Being the other day at Armaignac, on the estate of a kinsman of mine, I there saw a peasant who was by every one nicknamed the thief. He thus related the story of his life: that, being born a beggar, and finding that he should not be able, so as to be clear of indigence, to get his living by the sweat of his brow, he resolved to turn thief, and by means of his strength of body had exercised this trade all the time of his youth in great security; for he ever made his harvest and vintage in other men's grounds, but a great way off, and in so great quantities, that it was not to be imagined one man could have carried away so much in one night upon his shoulders; and, moreover, he was careful equally to divide and distribute the mischief he did, that the loss was of less importance to every particular man. He is now grown old, and rich for a man of his condition, thanks to his trade, which he openly confesses to every one. And to make his peace with God, he says, that he is daily ready by good offices to make satisfaction to the successors of those he has robbed, and if he do not finish (for to do it all at once he is not able), he will then leave it in charge to his heirs to perform the rest, proportionably to the wrong he himself only knows he has done to each.
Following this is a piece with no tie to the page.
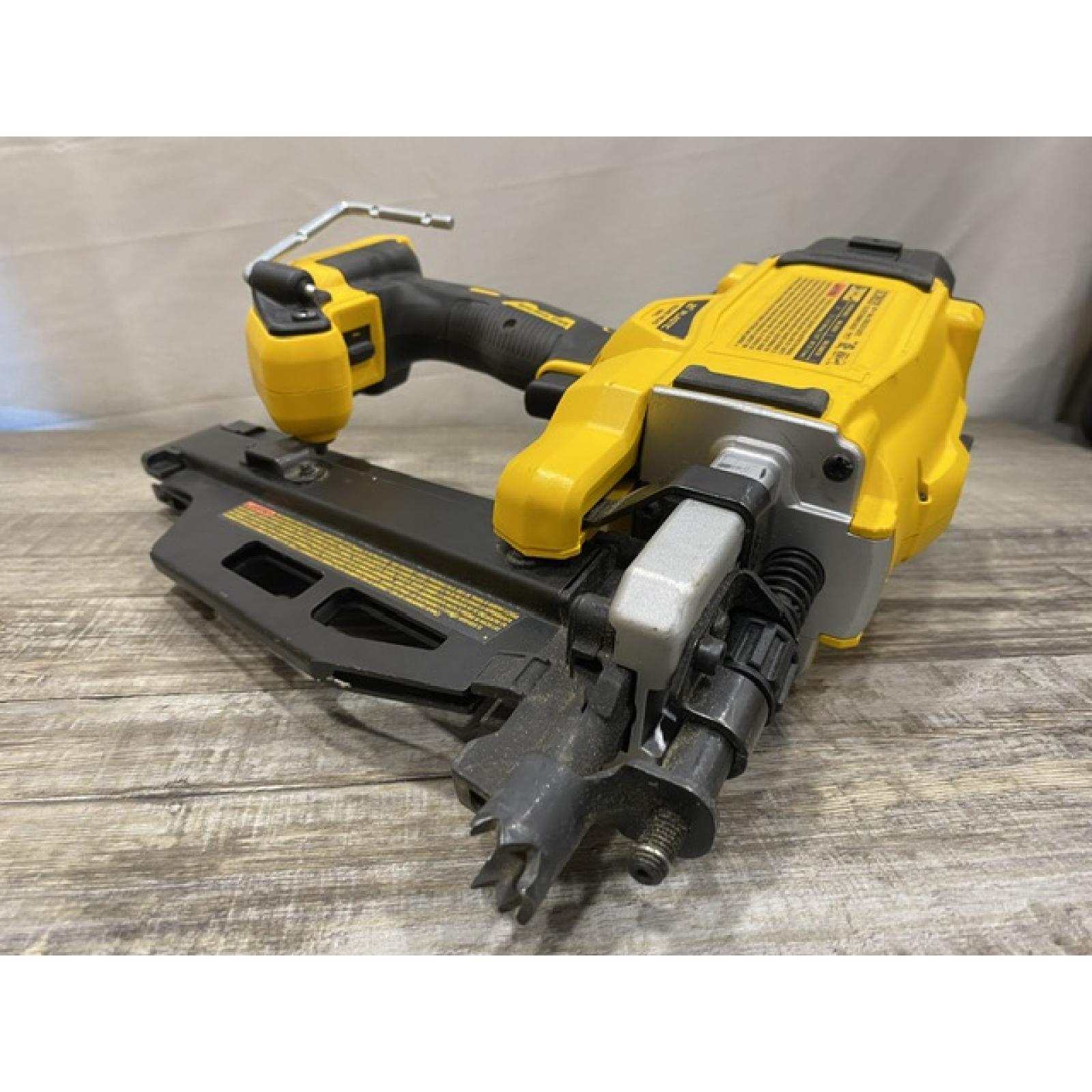AS-IS DEWALT 20-Volt 21° Cordless Framing Nailer (Tool-Only)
By this description, true or false, this man looks upon theft as a dishonest action, and hates it, but less than poverty, and simply repents; but to the extent he has thus recompensed he repents not. This is not that habit which incorporates us into vice, and conforms even our understanding itself to it; nor is it that impetuous whirlwind that by gusts troubles and blinds our souls, and for the time precipitates us, judgment and all, into the power of vice.

I customarily do what I do thoroughly and make but one step on't; I have rarely any movement that hides itself and steals away from my reason, and that does not proceed in the matter by the consent of all my faculties, without division or intestine sedition; my judgment is to have all the blame or all the praise; and the blame it once has, it has always; for almost from my infancy it has ever been one: the same inclination, the same turn, the same force; and as to universal opinions, I fixed myself from my childhood in the place where I resolved to stick. There are some sins that are impetuous, prompt, and sudden; let us set them aside: but in these other sins so often repeated, deliberated, and contrived, whether sins of complexion or sins of profession and vocation, I cannot conceive that they should have so long been settled in the same resolution, unless the reason and conscience of him who has them, be constant to have them; and the repentance he boasts to be inspired with on a sudden, is very hard for me to imagine or form. I follow not the opinion of the Pythagorean sect, "that men take up a new soul when they repair to the images of the gods to receive their oracles," unless he mean that it must needs be extrinsic, new, and lent for the time; our own showing so little sign of purification and cleanness, fit for such an office.

They act quite contrary to the stoical precepts, who do indeed command us to correct the imperfections and vices we know ourselves guilty of, but forbid us therefore to disturb the repose of our souls: these make us believe that they have great grief and remorse within: but of amendment, correction, or interruption, they make nothing appear. It cannot be a cure if the malady be not wholly discharged; if repentance were laid upon the scale of the balance, it would weigh down sin. I find no quality so easy to counterfeit as devotion, if men do not conform their manners and life to the profession; its essence is abstruse and occult; the appearance easy and ostentatious.